──────── Exercise data
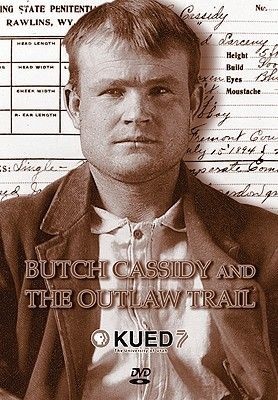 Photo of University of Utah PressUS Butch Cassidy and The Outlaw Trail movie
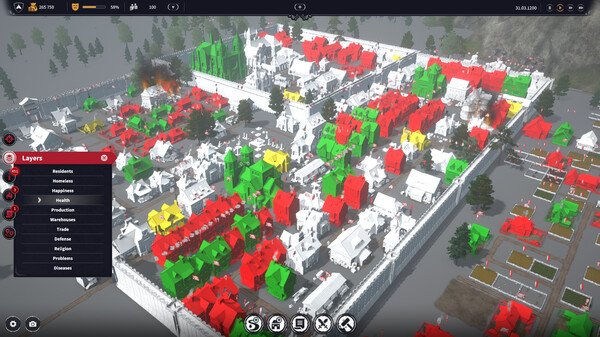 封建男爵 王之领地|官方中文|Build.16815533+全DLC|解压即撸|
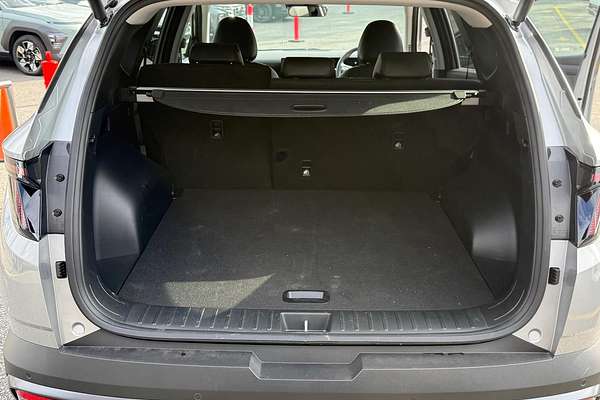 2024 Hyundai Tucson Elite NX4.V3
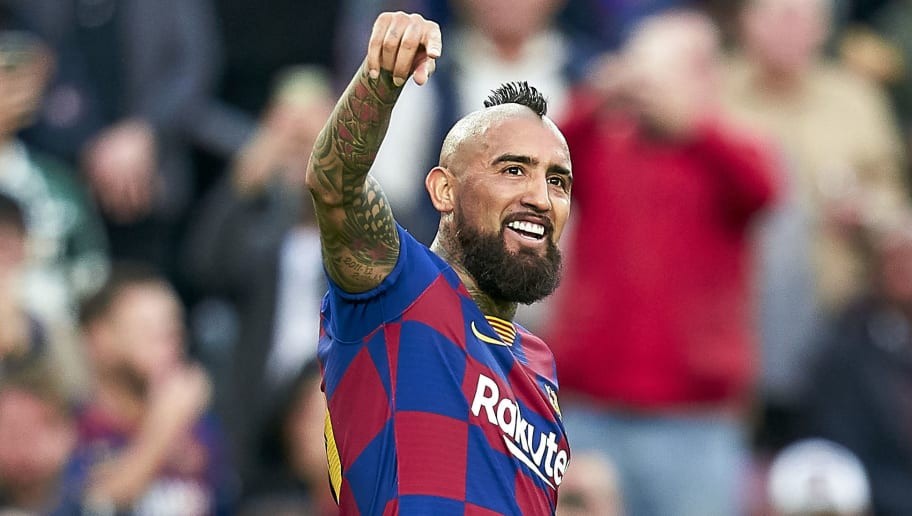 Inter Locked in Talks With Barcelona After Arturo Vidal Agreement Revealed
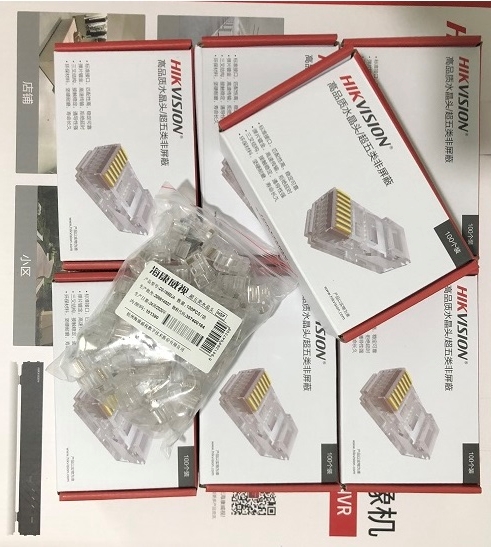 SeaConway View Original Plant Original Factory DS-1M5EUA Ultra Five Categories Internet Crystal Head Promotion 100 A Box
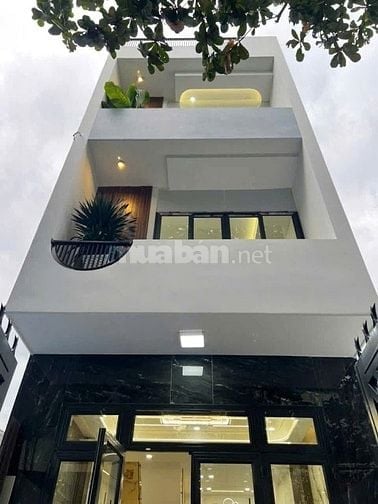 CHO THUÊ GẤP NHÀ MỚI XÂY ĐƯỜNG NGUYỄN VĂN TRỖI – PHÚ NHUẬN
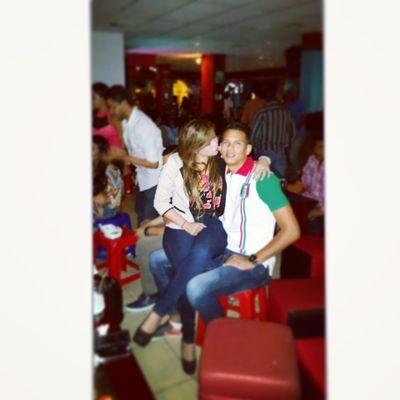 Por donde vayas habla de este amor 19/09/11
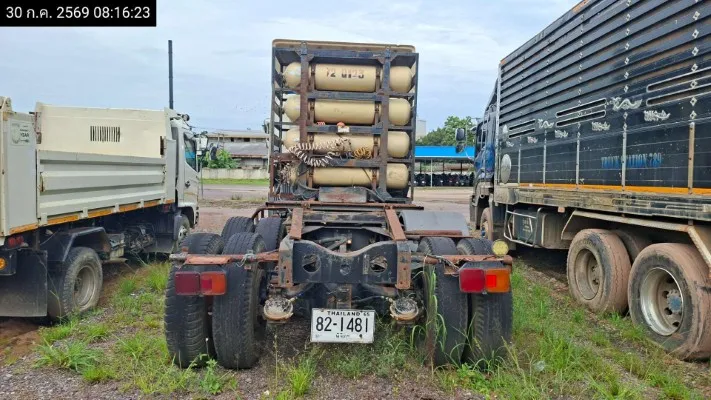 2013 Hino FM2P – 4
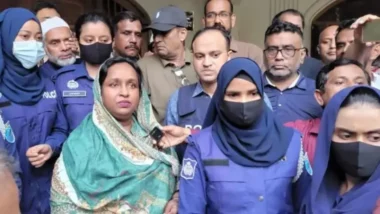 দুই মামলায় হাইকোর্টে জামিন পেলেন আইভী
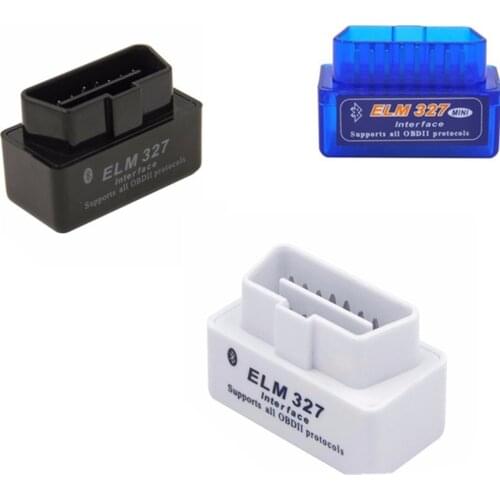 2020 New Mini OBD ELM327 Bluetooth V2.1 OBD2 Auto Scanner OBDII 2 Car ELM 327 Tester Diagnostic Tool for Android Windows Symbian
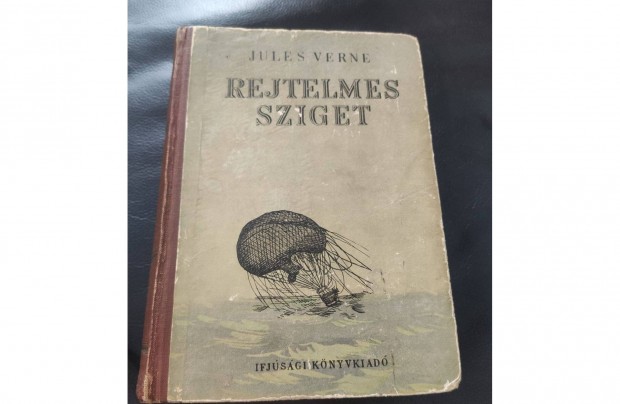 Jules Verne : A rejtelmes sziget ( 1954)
────────────────
_What is needed_. The expected output is an exact copy of the lines from the one with "SeaConway View Original" to the final line of the entries above, pictures excepted; please include both ends.

_Output below_.
 SeaConway View Original Plant Original Factory DS-1M5EUA Ultra Five Categories Internet Crystal Head Promotion 100 A Box
 CHO THUÊ GẤP NHÀ MỚI XÂY ĐƯỜNG NGUYỄN VĂN TRỖI – PHÚ NHUẬN
 Por donde vayas habla de este amor 19/09/11
 2013 Hino FM2P – 4
 দুই মামলায় হাইকোর্টে জামিন পেলেন আইভী
 2020 New Mini OBD ELM327 Bluetooth V2.1 OBD2 Auto Scanner OBDII 2 Car ELM 327 Tester Diagnostic Tool for Android Windows Symbian
 Jules Verne : A rejtelmes sziget ( 1954)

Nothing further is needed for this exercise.